All my boxes have a network function dipstick test: the desktop background is an image on that same file server. When the NFS share wakes up dead, then the screen shows the default Ubuntu background: brown = down! (At least in Ubuntu 8.04 LTS, which is what EMC2 is built on right now.)
- NFS share isn’t mounted
- … and can’t be mounted
- ifconfig shows eth0 up & active
- can’t ping the server
- can’t ping razor from the server
- Link lights on network switch nailed to floor joist overhead are green
- Link light on NIC on back panel
- Activity lights on switch & NIC blink occasionally (??)
- Swapping ports on the switch = no change
- Laptop works fine plugged into switch = switch OK
So whatever is busted, is busted in the 4560. Drat!
(Should have checked cable between switch and NIC. Sometimes you get a data failure without affecting the link & activity lights. Weird, but stuff happens.)
Looking in dmesg shows that a bogus IRQ 11 occurred during startup:
[ 44.439932] irq 11: nobody cared (try booting with the irqpoll" option) ... time passes ... ... bad IRQ log dump gibberish ... [ 44.440440] Disabling IRQ #11
Fairly obviously, after that point nothing about the NIC or anything else on IRQ 11 will work: the hardware setup may be OK, you can write to it and read from it, but no actual data gets through.
A reboot didn’t cure the problem. Reboots in Linux rarely solve a problem; you’ve got to actually find the root cause and fix it, rather than shake the dice to see if a better combination comes up.

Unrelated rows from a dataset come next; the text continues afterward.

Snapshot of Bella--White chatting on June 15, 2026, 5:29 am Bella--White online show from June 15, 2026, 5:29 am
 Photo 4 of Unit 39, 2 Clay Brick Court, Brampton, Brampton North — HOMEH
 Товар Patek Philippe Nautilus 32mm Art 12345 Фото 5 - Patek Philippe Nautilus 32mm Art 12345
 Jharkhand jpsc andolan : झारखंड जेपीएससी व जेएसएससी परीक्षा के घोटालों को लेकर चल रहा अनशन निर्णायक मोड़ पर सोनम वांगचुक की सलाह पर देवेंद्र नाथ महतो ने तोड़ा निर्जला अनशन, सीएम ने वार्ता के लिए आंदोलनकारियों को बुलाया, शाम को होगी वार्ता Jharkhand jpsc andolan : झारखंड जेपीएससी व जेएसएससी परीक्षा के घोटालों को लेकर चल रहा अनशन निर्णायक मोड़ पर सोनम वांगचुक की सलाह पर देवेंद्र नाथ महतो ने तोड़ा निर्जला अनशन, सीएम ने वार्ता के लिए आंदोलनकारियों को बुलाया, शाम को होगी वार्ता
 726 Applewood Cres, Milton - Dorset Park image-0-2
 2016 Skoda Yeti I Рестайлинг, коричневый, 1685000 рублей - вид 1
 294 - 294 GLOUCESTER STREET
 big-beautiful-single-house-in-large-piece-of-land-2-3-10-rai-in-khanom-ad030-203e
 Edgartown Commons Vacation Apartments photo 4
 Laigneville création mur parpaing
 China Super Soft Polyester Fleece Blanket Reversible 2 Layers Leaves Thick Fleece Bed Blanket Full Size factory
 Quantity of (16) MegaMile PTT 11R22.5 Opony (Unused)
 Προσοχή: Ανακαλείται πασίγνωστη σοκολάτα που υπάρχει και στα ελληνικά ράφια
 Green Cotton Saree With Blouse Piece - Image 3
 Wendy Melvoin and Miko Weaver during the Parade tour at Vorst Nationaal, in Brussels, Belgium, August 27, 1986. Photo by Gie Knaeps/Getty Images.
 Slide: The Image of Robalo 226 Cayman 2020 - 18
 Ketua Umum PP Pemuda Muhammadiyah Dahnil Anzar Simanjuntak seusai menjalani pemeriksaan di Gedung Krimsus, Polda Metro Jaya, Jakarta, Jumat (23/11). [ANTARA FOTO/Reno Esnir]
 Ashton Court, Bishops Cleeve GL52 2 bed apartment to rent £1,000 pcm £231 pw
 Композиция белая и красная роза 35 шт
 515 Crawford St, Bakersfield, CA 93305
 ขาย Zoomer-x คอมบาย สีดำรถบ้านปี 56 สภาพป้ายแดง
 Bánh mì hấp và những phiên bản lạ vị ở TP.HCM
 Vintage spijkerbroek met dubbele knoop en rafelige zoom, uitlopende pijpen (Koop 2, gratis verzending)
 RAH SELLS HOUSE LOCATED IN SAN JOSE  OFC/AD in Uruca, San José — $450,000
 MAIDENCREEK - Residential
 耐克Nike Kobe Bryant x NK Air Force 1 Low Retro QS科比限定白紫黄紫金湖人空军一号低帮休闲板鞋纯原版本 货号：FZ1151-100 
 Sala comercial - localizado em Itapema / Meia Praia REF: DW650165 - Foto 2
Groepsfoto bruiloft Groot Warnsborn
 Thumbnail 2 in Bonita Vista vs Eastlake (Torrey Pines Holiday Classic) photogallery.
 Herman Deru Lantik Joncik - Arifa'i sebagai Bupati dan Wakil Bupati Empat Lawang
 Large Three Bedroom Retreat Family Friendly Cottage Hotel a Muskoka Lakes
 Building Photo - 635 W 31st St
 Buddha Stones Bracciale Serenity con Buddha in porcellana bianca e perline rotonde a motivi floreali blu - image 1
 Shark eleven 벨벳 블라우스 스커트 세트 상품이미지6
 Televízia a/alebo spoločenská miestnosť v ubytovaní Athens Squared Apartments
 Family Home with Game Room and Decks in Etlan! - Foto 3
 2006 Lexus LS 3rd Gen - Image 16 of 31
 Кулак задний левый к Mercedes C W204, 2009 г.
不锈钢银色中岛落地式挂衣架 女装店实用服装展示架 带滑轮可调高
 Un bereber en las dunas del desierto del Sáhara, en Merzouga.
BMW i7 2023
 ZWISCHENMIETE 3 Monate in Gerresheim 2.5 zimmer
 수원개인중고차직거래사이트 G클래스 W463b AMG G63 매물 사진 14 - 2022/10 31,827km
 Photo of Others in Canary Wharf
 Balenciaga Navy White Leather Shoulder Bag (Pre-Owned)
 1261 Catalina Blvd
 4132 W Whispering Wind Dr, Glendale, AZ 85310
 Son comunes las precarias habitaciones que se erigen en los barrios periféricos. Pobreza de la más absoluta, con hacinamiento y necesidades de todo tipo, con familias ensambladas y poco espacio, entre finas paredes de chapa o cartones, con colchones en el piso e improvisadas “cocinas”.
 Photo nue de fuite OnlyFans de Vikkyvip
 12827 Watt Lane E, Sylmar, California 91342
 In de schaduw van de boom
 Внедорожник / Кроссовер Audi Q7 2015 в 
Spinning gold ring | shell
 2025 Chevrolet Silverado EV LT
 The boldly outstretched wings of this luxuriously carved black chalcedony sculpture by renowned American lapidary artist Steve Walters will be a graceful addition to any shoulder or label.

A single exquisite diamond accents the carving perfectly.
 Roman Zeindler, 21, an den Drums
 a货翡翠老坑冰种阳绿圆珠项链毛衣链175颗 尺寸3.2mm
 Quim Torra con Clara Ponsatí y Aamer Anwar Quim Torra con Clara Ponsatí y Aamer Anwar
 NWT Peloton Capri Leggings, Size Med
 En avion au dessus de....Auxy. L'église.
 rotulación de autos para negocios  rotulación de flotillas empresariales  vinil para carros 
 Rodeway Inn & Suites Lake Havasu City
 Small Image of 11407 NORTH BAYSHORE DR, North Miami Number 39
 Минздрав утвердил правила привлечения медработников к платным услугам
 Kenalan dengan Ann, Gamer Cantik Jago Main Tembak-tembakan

Restarted to get into Dell’s attenuated BIOS configuration routine, changed the NIC to IRQ 3 (just because it was first on the list), saved, restarted, and everything works. The bogus interrupt is gone, the NIC is running, NFS shares are OK.
It absolutely beats me. But at least this is written down so the next time it happens, I’ll remember what I did.
Oh, yeah. The Sherline CNC mill uses stepping motors and uses cutters, so it’s a Steppin’ Razor, of course, and is therefore named razor. I suppose I could have called it molly, but that’d be a stretch.